This article was published 08/10/2020 (1726 days ago), so information in it may no longer be current.
The huge four-wheel drive army vehicles many residents saw rumbling through the Southeast earlier this month were not a contingent of army personnel out on maneuvers, but the less than quiet arrival of the area’s newest farmers. A young West German couple have brought the vehicles along with them from Germany for use in a farming operation near Dufrost.
It took Willi and Helge Hesse seven days to drive their equipment from Montreal to their new farm. They will begin farming some 1,600 acres just as soon as the weather will permit.
The young German couple felt that Canada would give them a better chance to farm and began planning their move two years ago. Last May they made the trip here to get their first look at the land they were going to buy.

In Germany, they had 44 hectares (approximately 100 acres), which was a good sized farm in that country, which has 60 million people living in an area about one-fifth the size of Ontario.
Theirs was a family farm operation, with livestock as well as grain, but at Dufrost the couple plans to seed the acreage to wheat and oats, and stick strictly to grain farming.
Land prices in Germany are high ($2,000-$3,000 per acre) and in some areas the hilly terrain makes farming difficult. The four-wheel-drive vehicles they brought from Germany would be far too big to use in farming there, and were purchased just before the trip to Canada. The couple had the machinery shipped to Montreal and they arrived by plane April 15 to begin the long trip west.
Heinrich Brasse and Rudolf Schoenenberg accompanied the couple to help drive the vehicles and set up the farming operation. Schoenenberg will be staying at the farm for the next two months, while Brasse will be leaving shortly for a hitchhiking trip west before returning to Germany.

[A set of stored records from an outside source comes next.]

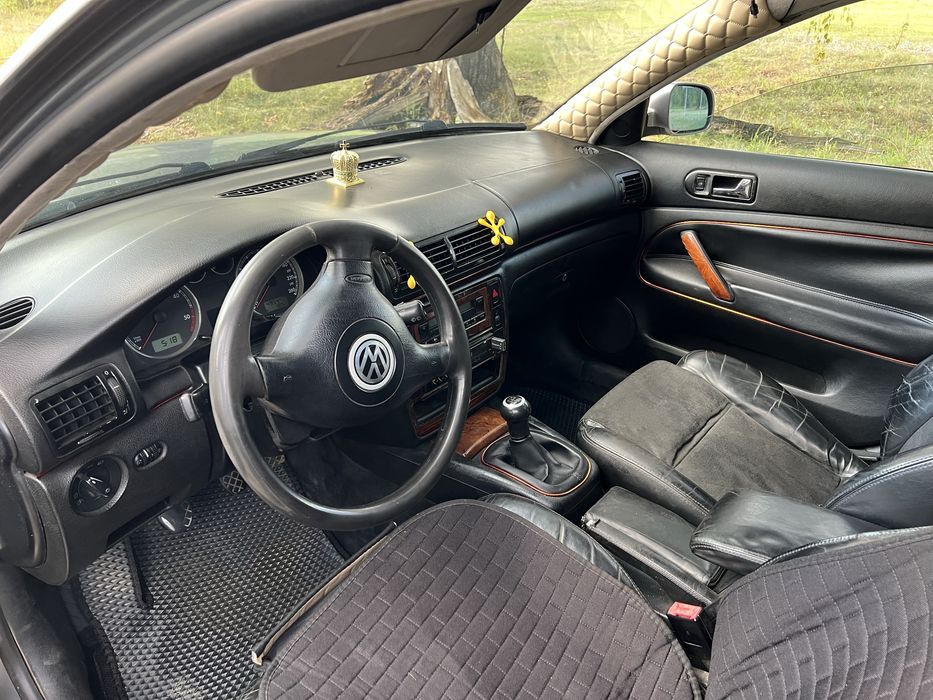 Passat b5+ 4*4 2001 1.9 D 6стп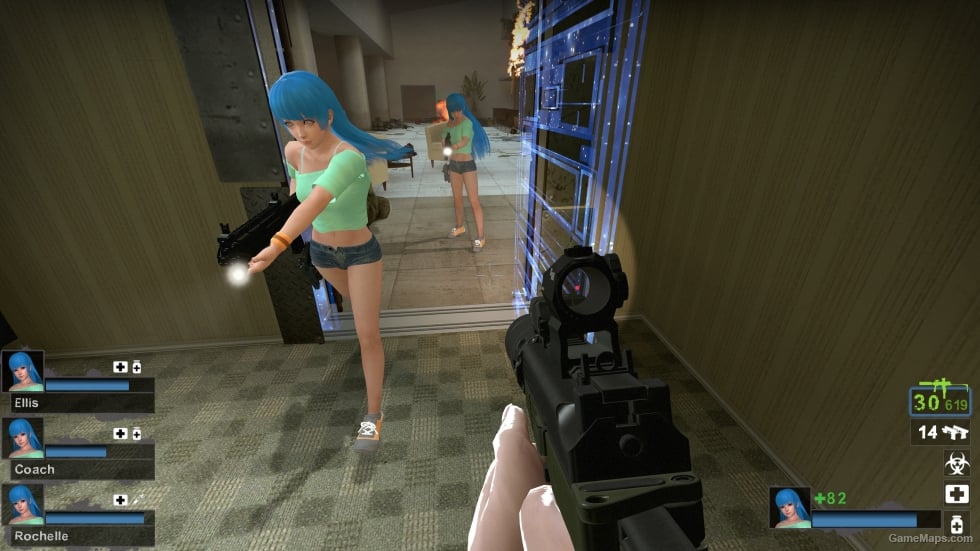 Only DOA6 Kula Costume Training (request)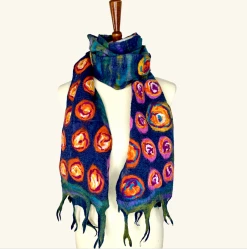 Extras Pomegranate Moon Scarf: Monet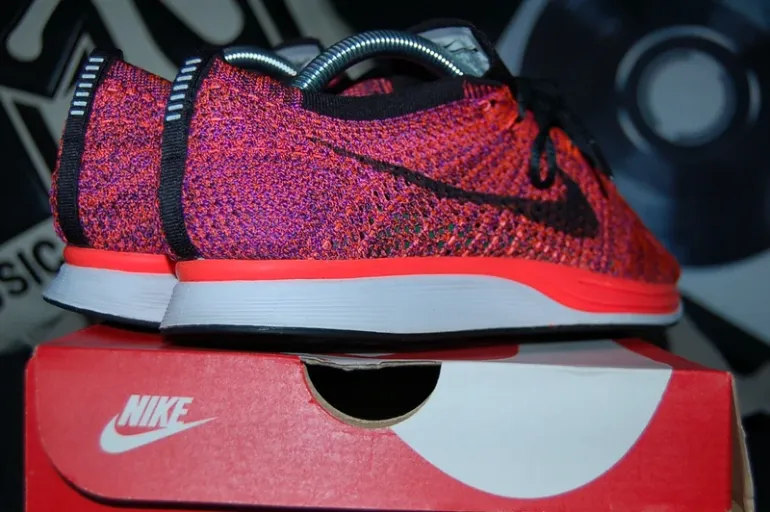 Used Orange Flyknit Racer bike — image 6 of 15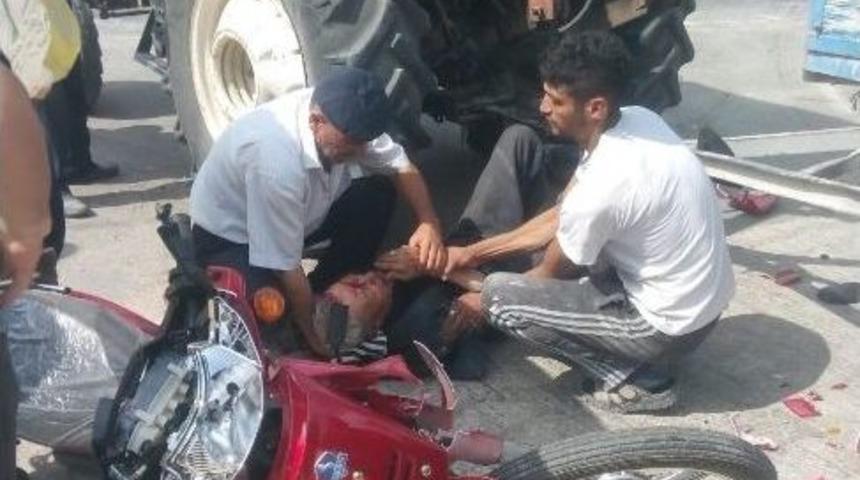 Afyonkarahisar&rsquo;da Trafik Kazası: 1 Ağır Yaralı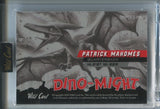 2024 Patrick Mahomes Wild Card Alumination DINO-MIGHT 03/15 #DMPTE1-PM Kansas City Chiefs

The trip from Montreal was far from pleasant, according to Brasse, who spoke of constant machine breakdowns, and the shortage of service stations offering diesel fuel. The couple feels the temporary hardships were worth it though, when they consider that shipping the machines by rail would have cost them $15,000, more than they had paid for the equipment in Germany.
What impresses the Hesse’s most so far, in their short stay in Canada, is the open space.
“Here you have big farms and small farm houses, while in Germany the farms are small and the farm houses are big,” Hesse said.
The Hesse’s aren’t the first German immigrants to settle in the area, and before coming to Canada, they bought some of the seed grain they will need this spring from a family who moved here a year ago.
While it is hard to determine how much land in southern Manitoba has been bought by foreign investors, several large parcels have been sold and are being rented to Canadian farmers or as is the case with the Hesse farm, families have come from other countries to work the land.
The Hesse’s own one quarter section of land they will be working and are renting the balance from their German partners in the purchase.